• help wanted - compiler for a new language, written in Modula-2

    From magicmouse94937@gmail.com@21:1/5 to All on Mon Apr 10 23:06:06 2017
    I am working on a new computer language, and have written a first cut recursive descent transpiler (converting from the new language into AS3 and JavaScript), but need someone to redo the compiler using top down operator precedence (as presented in the
    lectures by Douglas Crockford), using the Pratt method, which is a fusion of left-right precedence parsing and top down recursive descent. It would be a lot faster than the backtracking that is currently in my compiler. If you know what this all means,
    and program in modula-2, then please send me a note.

    Currently using the ADW modula-2 compiler on Windows, but have a very nice cross-platform low level library that has a version for the P1 compiler.

    Will pay commensurate with skill and quality of output.

    --- SoupGate-Win32 v1.05
    * Origin: fsxNet Usenet Gateway (21:1/5)
  • From jan272@gmail.com@21:1/5 to All on Wed Apr 12 02:31:45 2017
    Perhaps combine it with the MC project?

    --- SoupGate-Win32 v1.05
    * Origin: fsxNet Usenet Gateway (21:1/5)
  • From carlglassberg@gmail.com@21:1/5 to magicmo...@gmail.com on Fri Apr 14 03:22:53 2017
    Is the grammar for your new language LL-1 ?

    Sincerely
    Carl Glassberg
    ----

    On Monday, April 10, 2017 at 11:06:07 PM UTC-7, magicmo...@gmail.com wrote:
    I am working on a new computer language, and have written a first cut recursive descent transpiler (converting from the new language into AS3 and JavaScript), but need someone to redo the compiler using top down operator precedence (as presented in the
    lectures by Douglas Crockford), using the Pratt method, which is a fusion of left-right precedence parsing and top down recursive descent. It would be a lot faster than the backtracking that is currently in my compiler. If you know what this all means,
    and program in modula-2, then please send me a note.

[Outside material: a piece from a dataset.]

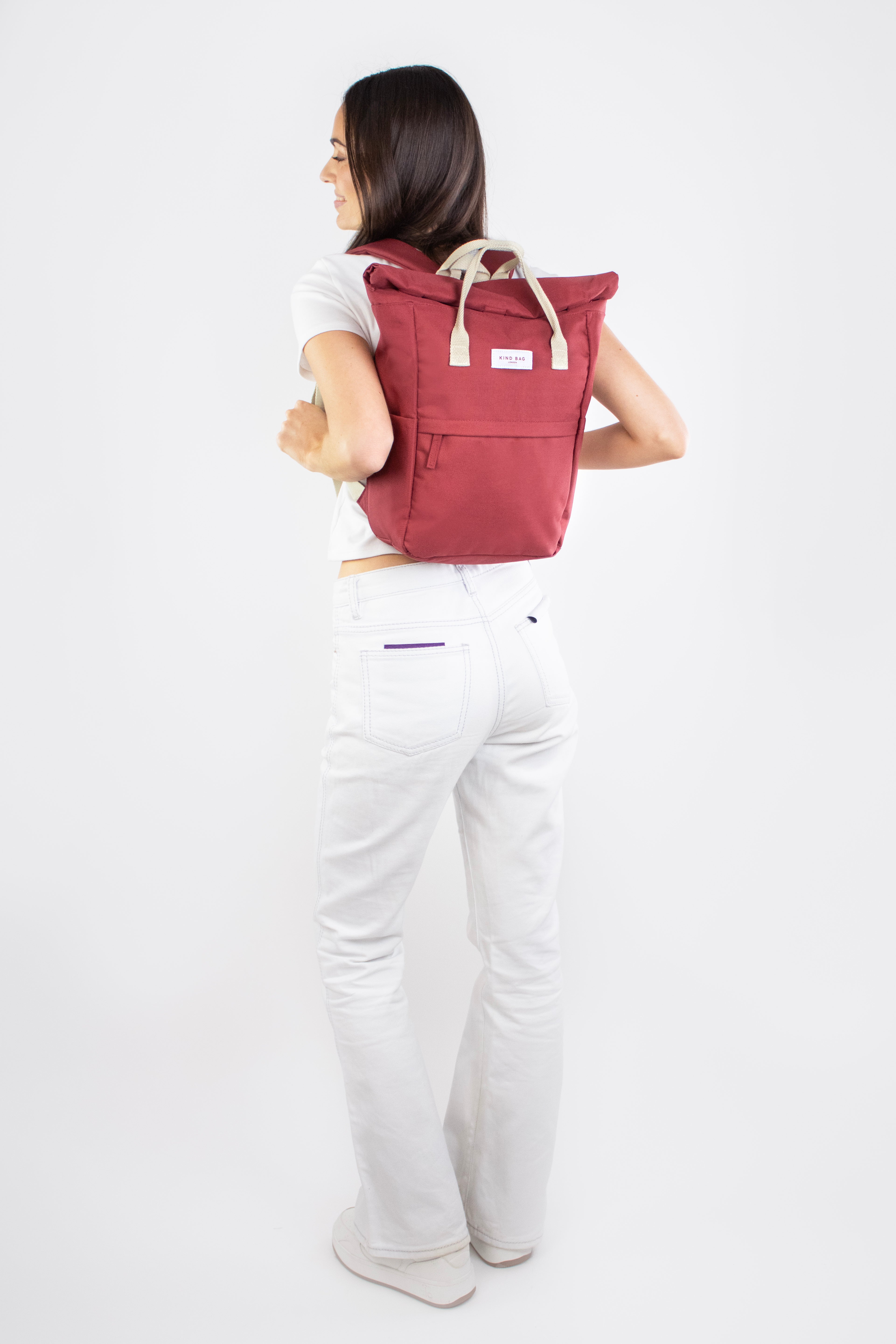 Burgundy | Hackney Backpack | Medium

    Currently using the ADW modula-2 compiler on Windows, but have a very nice cross-platform low level library that has a version for the P1 compiler.

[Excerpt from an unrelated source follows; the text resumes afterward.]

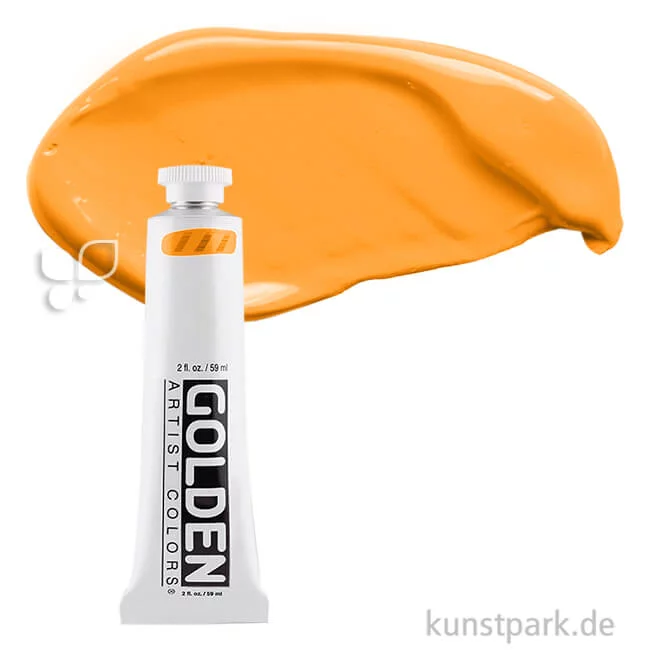 Artikelbild 1 des Artikels “GOLDEN Heavy Body Acrylfarben 59 ml | 1455 India Yellow Hue“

    Will pay commensurate with skill and quality of output.

    --- SoupGate-Win32 v1.05
    * Origin: fsxNet Usenet Gateway (21:1/5)
  • From magicmouse94937@gmail.com@21:1/5 to All on Fri Apr 14 23:48:50 2017
    i have an EBNF grammar for the language; it is an indented language like Python. It isn't that hard to parse, about the same size grammar as Swift. After watching the Crockford video on youtube about the simplicity and speed of the Pratt methodology, it
    is clear that the compiler will be much faster with less backtracking if it uses that approach. A real sticking point in my first cut compiler which was purely recursive descent is that error recovery is very hard to do in recursive descent, and a huge
    amount of extra code exists to exit out of deeply nested function calls. This was always a weak spot in the Wirth code examples which i learned from. Production compilers are very different than academic versions, as nice error messages are a must for
    the next 100 million programmers to be. It includes in the language a full 2D graphics and event model and a graph database, as well as shell scripting capabilities. It is designed to replace the full development stack for mobile and web development,
    which means it is aiming directly at the largest single software development market which is interactive graphics applications for mobile + web. Basically you write your code in a single language. With no make scripts, no package managers, no external
    database, no frameworks at all, and under 30 API functions for a typical program. It will be competing against Eve, Elm, Red, and a few other "next-gen" languages.

    --- SoupGate-Win32 v1.05
    * Origin: fsxNet Usenet Gateway (21:1/5)
  • From Marco van de Voort@21:1/5 to magicmouse94937@gmail.com on Sat Apr 15 12:15:25 2017
    On 2017-04-15, magicmouse94937@gmail.com <magicmouse94937@gmail.com> wrote:
    i have an EBNF grammar for the language; it is an indented language like Python. It isn't that hard to parse, about the same size grammar as
    Swift. After watching the Crockford video on youtube about the simplicity and speed of the Pratt methodology, it is clear that the compiler will be much faster with less backtracking if it uses that approach. A real
    sticking point in my first cut compiler which was purely recursive descent
    is that error recovery is very hard to do in recursive descent, and a huge amount of extra code exists to exit out of deeply nested function calls.
    This was always a weak spot in the Wirth code examples which i learned
    from.

    Strangely I always considered the Wirth languages the ones with good error handling support, and that was often attributed to them typically being RD
    as almost LL(1) languages too.

    It might simply be a bad fit for your particular language though.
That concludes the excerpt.